=== GIVEN INFORMATION ===
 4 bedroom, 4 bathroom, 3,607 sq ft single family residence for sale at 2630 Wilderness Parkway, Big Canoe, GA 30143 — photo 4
===
=== GIVEN INFORMATION ===
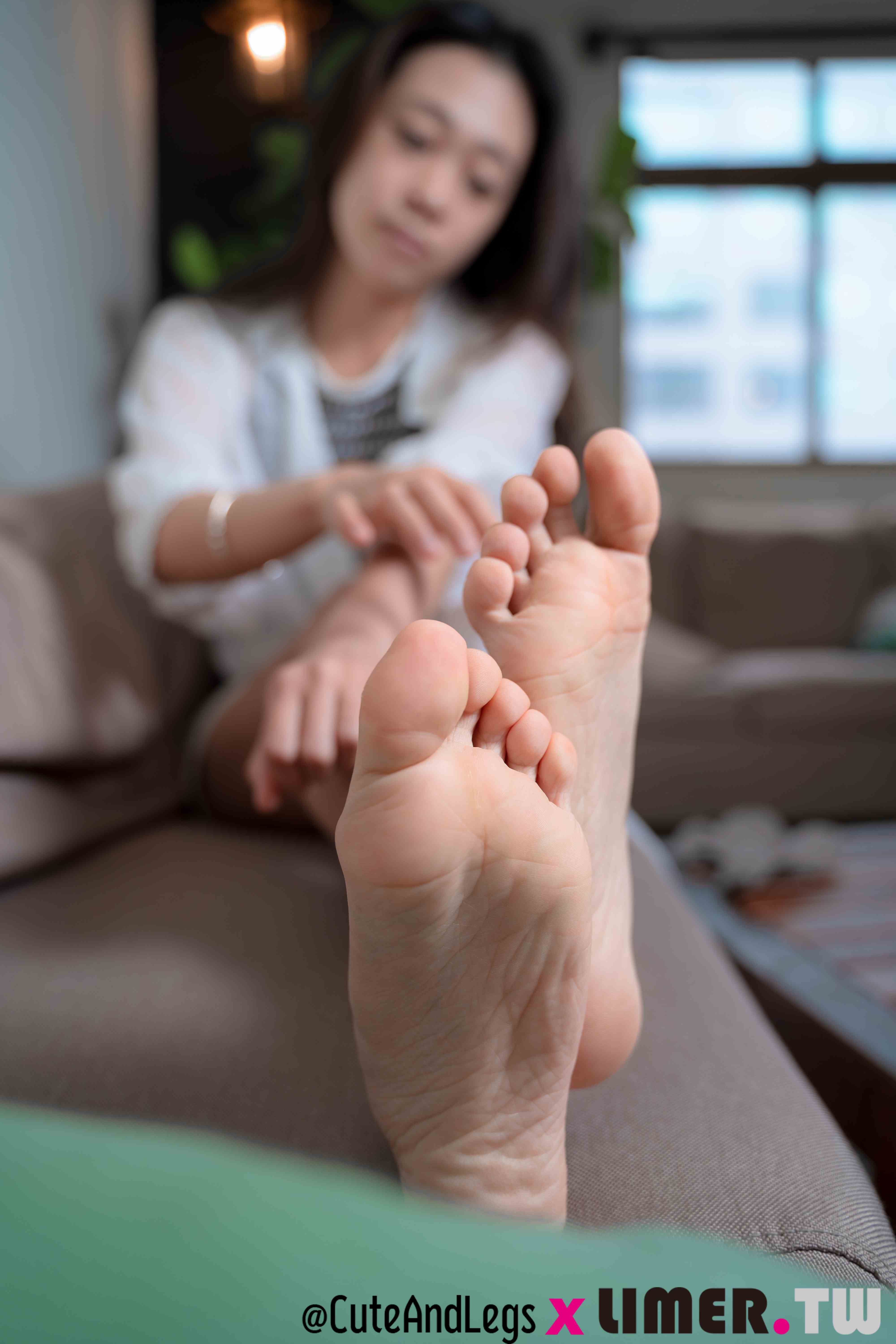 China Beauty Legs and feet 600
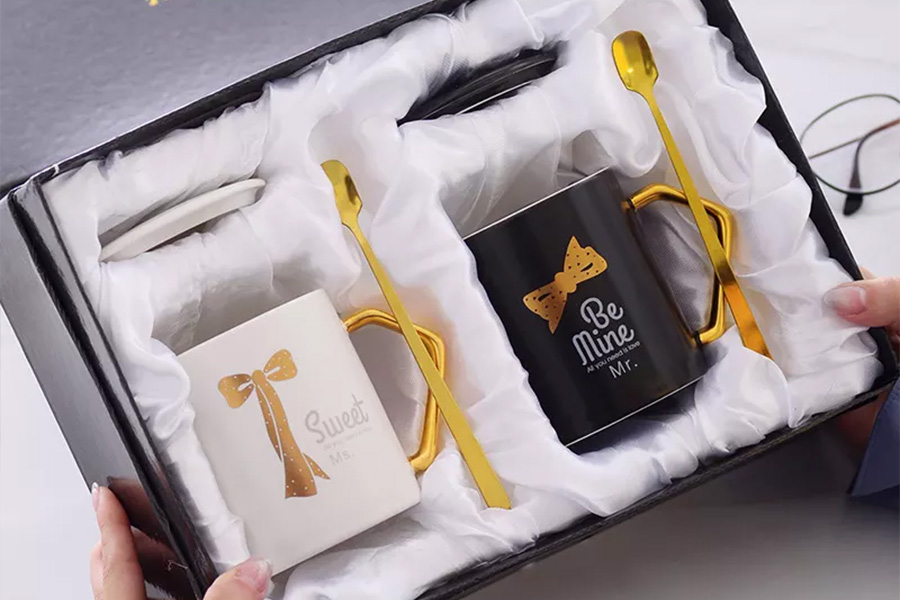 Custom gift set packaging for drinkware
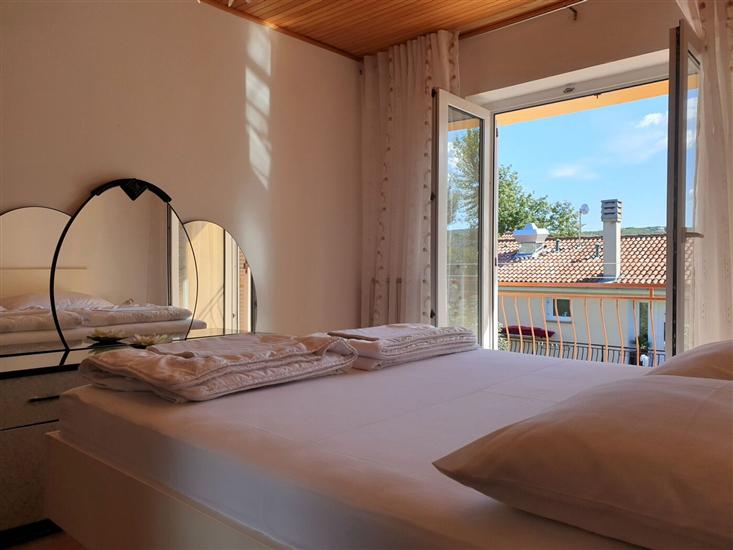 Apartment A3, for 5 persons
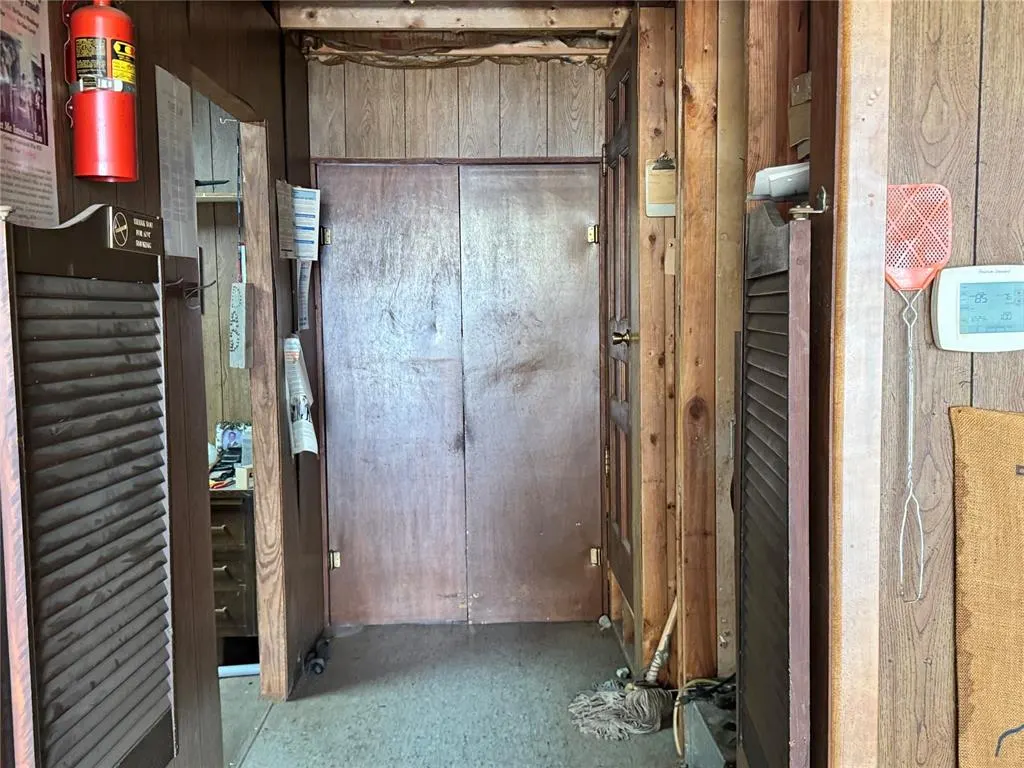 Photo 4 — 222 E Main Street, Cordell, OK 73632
===
> [WHAT YOU SHOULD DO]: Copy only what lies between the line with "Custom gift set packaging for drinkware" and the line with "Photo 4 — 222", those two lines included, exactly as given above; pictures stay out.

> [FINISHED EXERCISE]:
 Custom gift set packaging for drinkware
 Apartment A3, for 5 persons
 Photo 4 — 222 E Main Street, Cordell, OK 73632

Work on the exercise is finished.